Официально Ловозеро связано с внешним миром единственной маршруткой, отходящей от мурманского вокзала в середине дня. Фактически есть ещё и частный рейс из Оленегорска около 10:30, но ни в каких расписаниях он не отмечен и даже кассирша на автовокзале старательно делала вид, что ничего о таком не знает.
Дорога до Ловозера, тем более под дождём, не отличается живописностью, а стоит на ней всего пара посёлков. Зато каких! Высокий близ Оленегорска у меня ассоциировался с рудниками, но на самом деле всё куда интереснее - там находится авиабаза Оленья, где в 1961 году взлетал к Новой Земле самолёт с Царь-бомбой, а в 1963 Никита Хрущёв встречал Фиделя Кастро: в СССР знойный кубинец приехал с самой неочевидной стороны. Ещё дальше над лесом торчат характерная полутрапеция загоризонтного радара "Днестр" и целый лес тонких вышек - это уже не военные, а радионавигационная станция системы "Альфа", с помощью которой в доспутниковую эпоху определяли своё местоположение самолёты и корабли.
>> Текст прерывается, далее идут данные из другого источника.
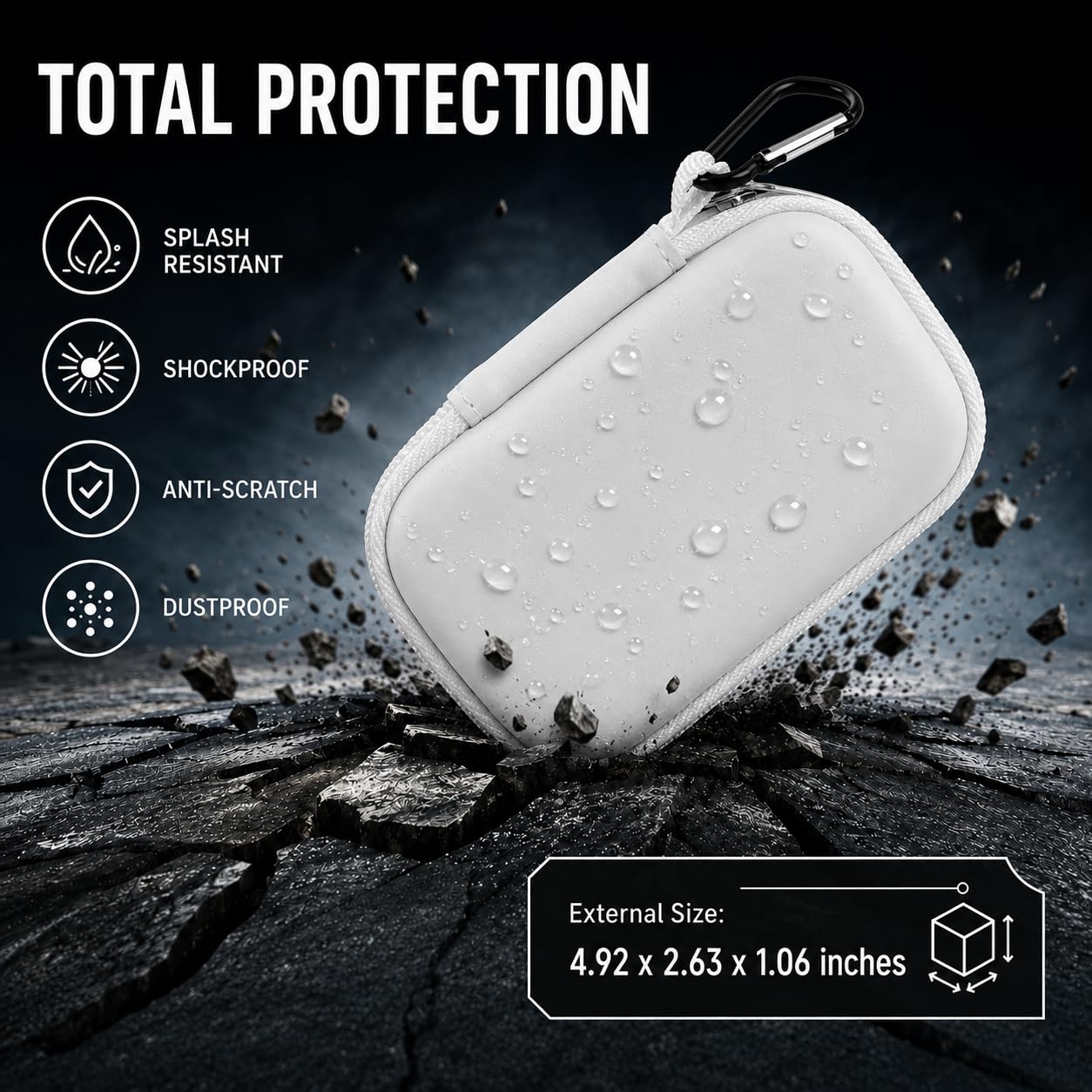 Case for SanDisk Extreme Portable SSD & Extreme PRO, Hard Shell Protective Storage Bag with Carabiner, Fits 1TB 2TB 4TB 8TB External Solid State Drive (White, for Sandisk V2)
Среди всех этих не в меру суровых сущностей затесалась "саамская деревня" Самь-Сыйт, меня в итоге отпугнувшая ценником. Фольклорной деревне я предпочёл хрущобное, но всё же настоящее село, и вот на повороте к Ревде маршрутка внезапно остановилась. Она обслуживает оба пункта, и так как были мы единственными пассажирами до Ловозера, у развилки нас пересадили в легковушку. За рулём сидела крепко сбитая скуластая женщина с бесстрашным взглядом, и дежурно рассказав ей о нашем маршруте, я спросил:
-А правда, что у вас в Ловозере саамы живут?
Женщина усмехнулась:
-Ну вот я - саами!
Дальше я узнал, что саамов в Ловозере много, но не в большинстве, что от русских они ничем не отличаются, да и язык давно позабыли. Чему, по словам моей собеседницы, активно способствовали в советское время - ей по-саамски говорить запрещали ещё в детском садике, и вообще всячески внушали, что быть саамом - стыдно. "Да и вообще мы не саамы, это нас при Советах так прозвали. Так-то мы всегда были лопари!".
Самосознание маленького народа, однако, задушить не удалось, да и делегации европейских саамов, зачастившие в Ловозеро в 1990-х, помогали не забывать родства. Но на самом деле ассимиляция кольских саамов началась ещё до Советов, и не случайно на плакате в Ловозере с английским "Welcome!" и саамский "Тйрв!" соседствует "Видза оланныд!", знакомое мне по Республике Коми:
Нашим интересом к её народу водительница прониклась, и вместо того чтобы просто высадить в центре завезла на остановку переснять расписание, показала, где зарегистрироваться перед походом на Сейдозеро и под начинавшим дождём привезла прямо к дверям главной достопримечательности посёлка - Музея истории кольских саамов.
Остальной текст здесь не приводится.